A common task I've run across is the need to export a DataTable to an Excel spreadsheet. It's a great way to distribute reports, etc. to users. It also seems like an obvious translation, considering the way that DataSets are usually presented in DataGrid controls.

Unfortunately, the methods I have found so far for doing this have been rather ugly - they involve iterating through the DataTable items and manually writing to the output file, line-by-line, in the correct format. Then, in a stroke of luck, I was assigned a simple ASP.NET project at work (I normally work in Windows Forms), and while working on that, I found a very simple way of accomplishing this task, with the added bonus of being able to easily format the output spreadsheet.

Using the code

The basic trick is that Excel can open HTML tables, so the idea is to create a DataGrid web control (which you can use whether or not your project is in ASP.NET), use databinding to fill the control with information from your DataSet, set any formatting (bolded text, background colors, etc), then have the DataGrid render itself to an output file with Excel's ".XLS" extension.

Please note that you need to add a reference to "System.Web" in your project in order to use the System.Web.UI.WebControls namespace!

Here is an example. I am using a DataSet named "data" containing a Table named "Stats":

// create the DataGrid and perform the databinding

System.Web.UI.WebControls.DataGrid grid = 
            new System.Web.UI.WebControls.DataGrid();
grid.HeaderStyle.Font.Bold = true;
grid.DataSource = data;
grid.DataMember = data.Stats.TableName;

grid.DataBind();

// render the DataGrid control to a file

using(StreamWriter sw = new StreamWriter("c:\\test.xls"))
{
    using(HtmlTextWriter hw = new HtmlTextWriter(sw))
    {
        grid.RenderControl(hw);
    }
}

If you then open the output file in a text editor, you will see that it just contains simple HTML.

Points of Interest

As someone who works mostly with Windows Forms, some of the above code seems non-obvious. Here are some important differences I found between the regular Windows Forms controls and the Web controls:

  • Databinding with Web controls must be performed manually!
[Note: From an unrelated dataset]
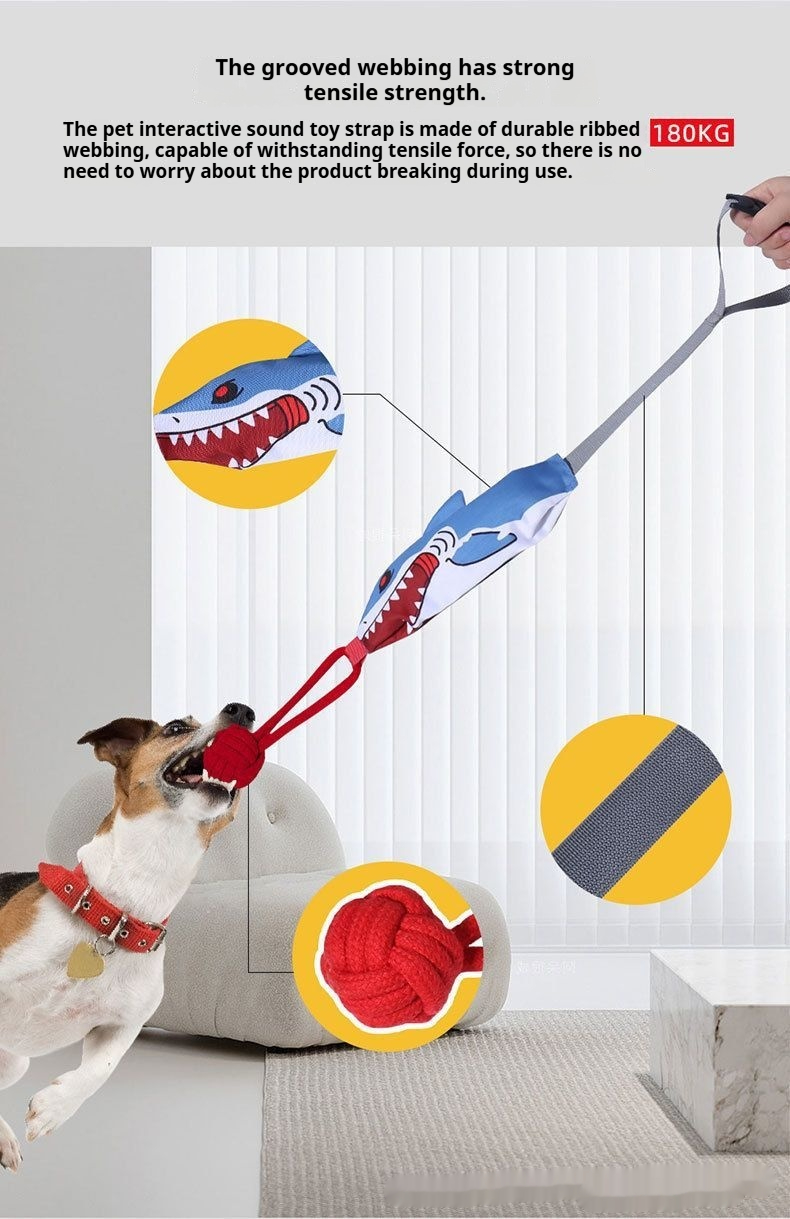 Gioco interattivo per cani con corda e pallina a nodo, modello squalo Dog Moda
You set the DataSource and DataMember properties as usual, but the databinding will not occur until you make the "DataBind()" call yourself.
  • Rendering the control requires two output streams: one is the HtmlTextWriter, which is what the Web grid can render itself to, and the second is the StreamWriter, which the HtmlTextWriter writes itself to. Compare this to a normal ASP.NET webpage, where instead of using a StreamWriter to write to a file, the HtmlTextWriter would probably write to a web page in memory.

Finally, a word of warning - once the user has opened the file in Excel and saved changes to it, the file will no longer contain a simple HTML table as Excel will rewrite it with its own file format.